INPUT FOR THIS TASK →
----

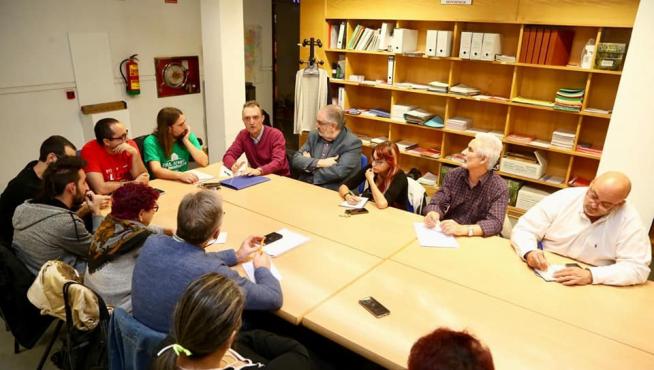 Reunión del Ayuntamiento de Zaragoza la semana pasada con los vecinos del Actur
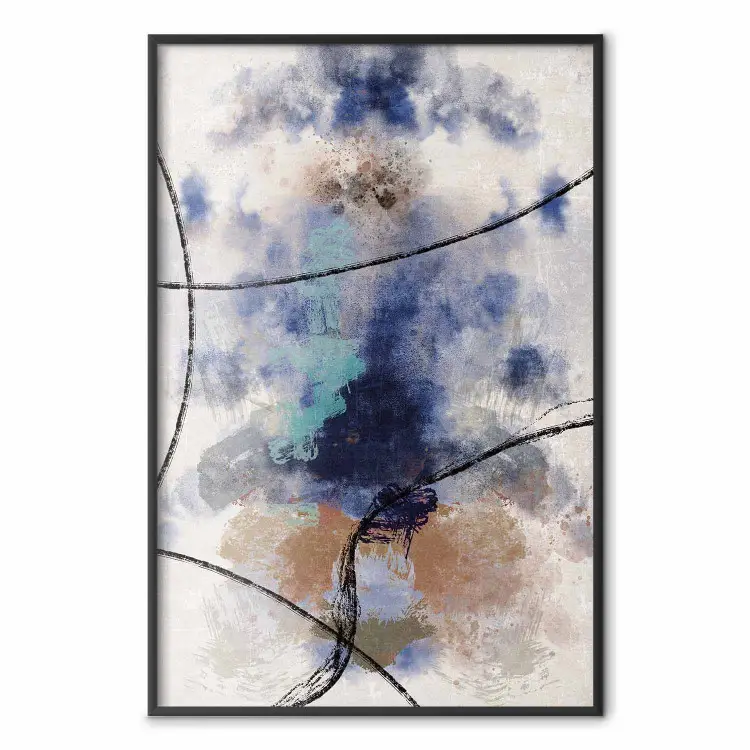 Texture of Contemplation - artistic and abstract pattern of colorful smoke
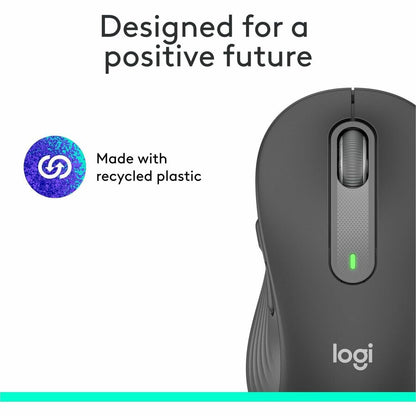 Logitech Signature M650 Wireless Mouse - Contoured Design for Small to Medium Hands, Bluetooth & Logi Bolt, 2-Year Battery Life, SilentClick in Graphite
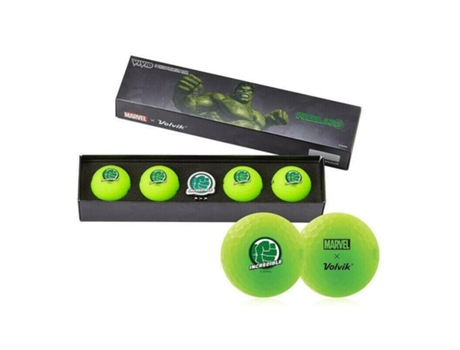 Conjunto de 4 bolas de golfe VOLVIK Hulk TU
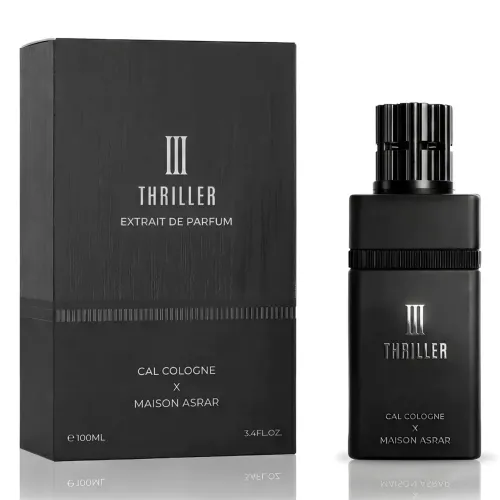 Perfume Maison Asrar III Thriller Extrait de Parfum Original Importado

----

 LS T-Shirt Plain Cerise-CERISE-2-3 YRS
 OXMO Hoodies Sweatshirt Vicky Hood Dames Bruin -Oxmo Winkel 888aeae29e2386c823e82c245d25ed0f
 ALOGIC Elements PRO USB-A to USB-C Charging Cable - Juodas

----

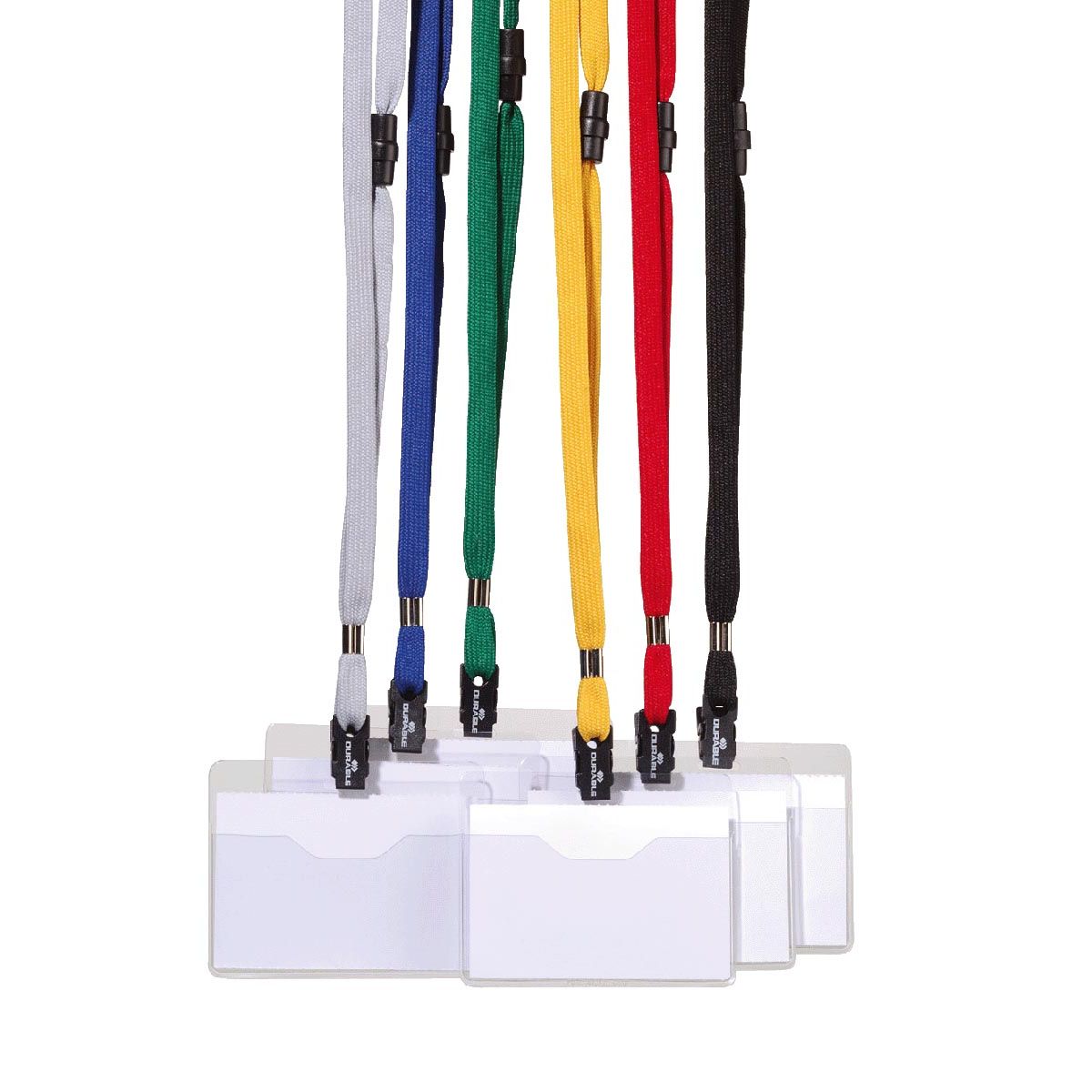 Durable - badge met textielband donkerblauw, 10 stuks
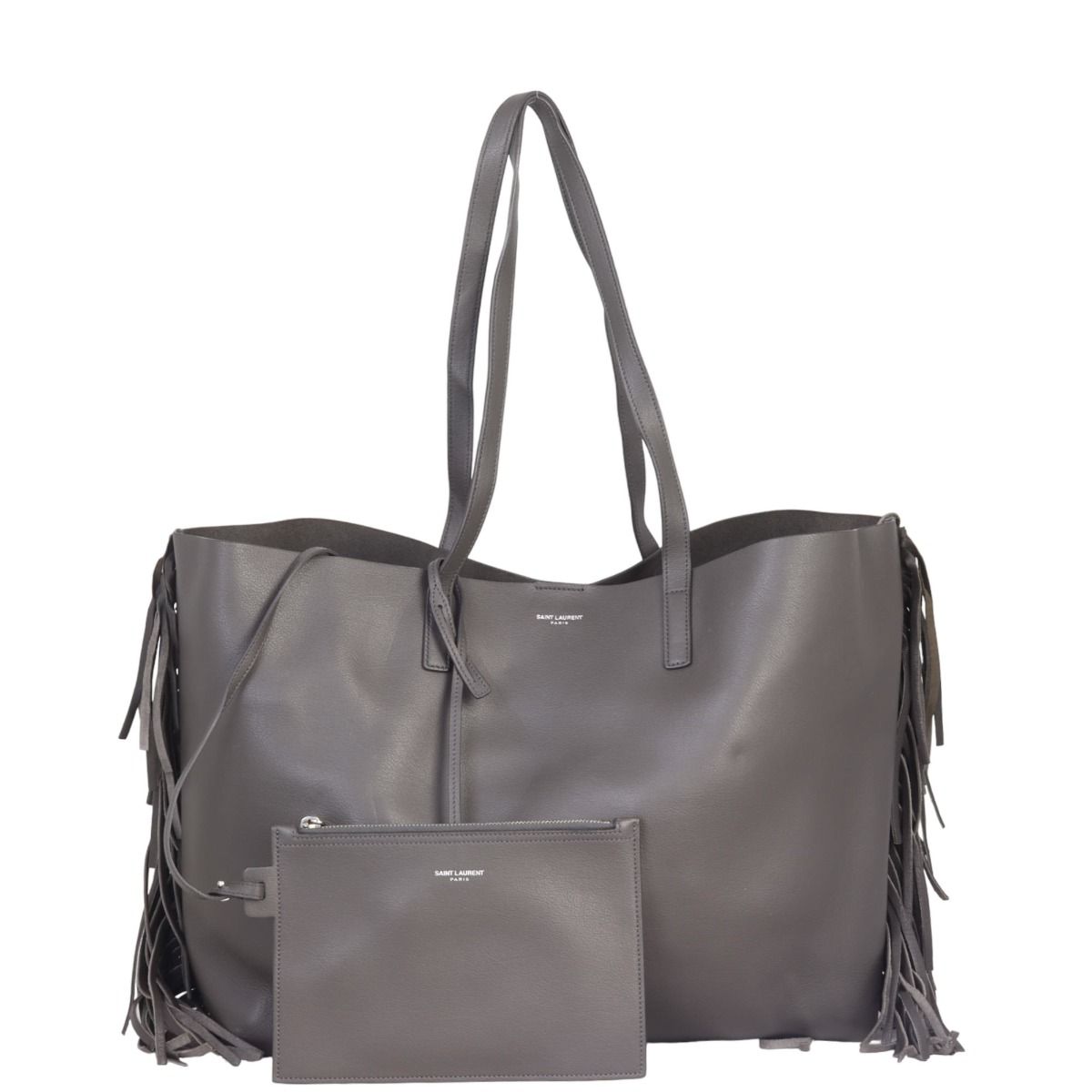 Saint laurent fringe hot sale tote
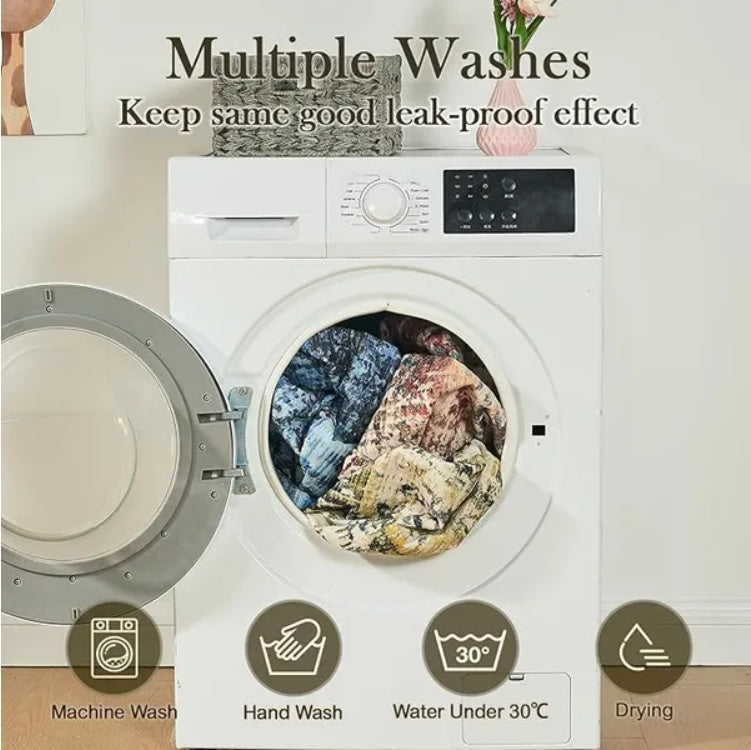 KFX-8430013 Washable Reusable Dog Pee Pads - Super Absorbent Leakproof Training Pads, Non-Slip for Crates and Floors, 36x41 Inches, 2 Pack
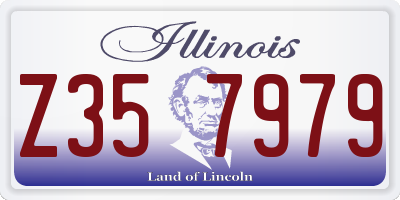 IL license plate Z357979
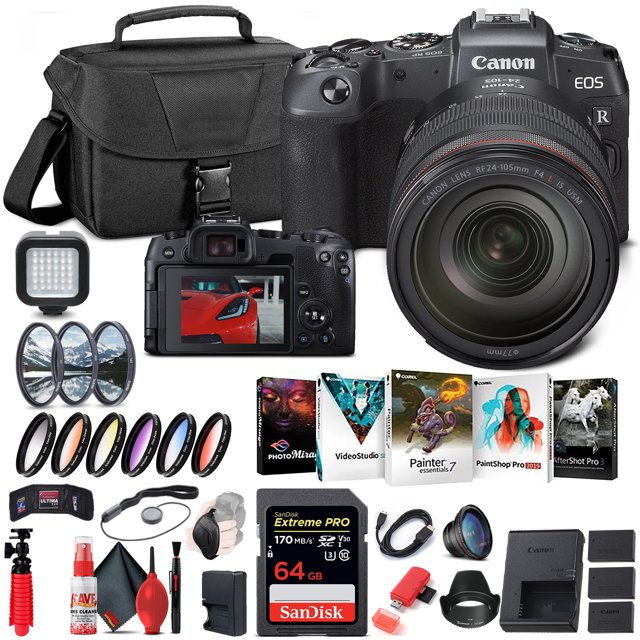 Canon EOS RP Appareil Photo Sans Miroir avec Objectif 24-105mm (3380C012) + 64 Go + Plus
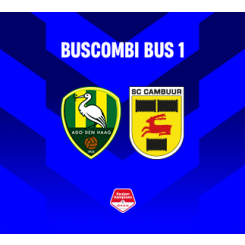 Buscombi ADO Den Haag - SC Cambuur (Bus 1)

----

INSTRUCTIONS FOR THE TASK →
In the data above, find the line with "KFX-8430013 Washable Reusable" and the line with "Buscombi ADO Den Haag - SC Cambuur (Bus 1)". Please copy exactly those two lines and every line between them, but not the pictures.

TASK ANSWER →
 KFX-8430013 Washable Reusable Dog Pee Pads - Super Absorbent Leakproof Training Pads, Non-Slip for Crates and Floors, 36x41 Inches, 2 Pack
 IL license plate Z357979
 Canon EOS RP Appareil Photo Sans Miroir avec Objectif 24-105mm (3380C012) + 64 Go + Plus
 Buscombi ADO Den Haag - SC Cambuur (Bus 1)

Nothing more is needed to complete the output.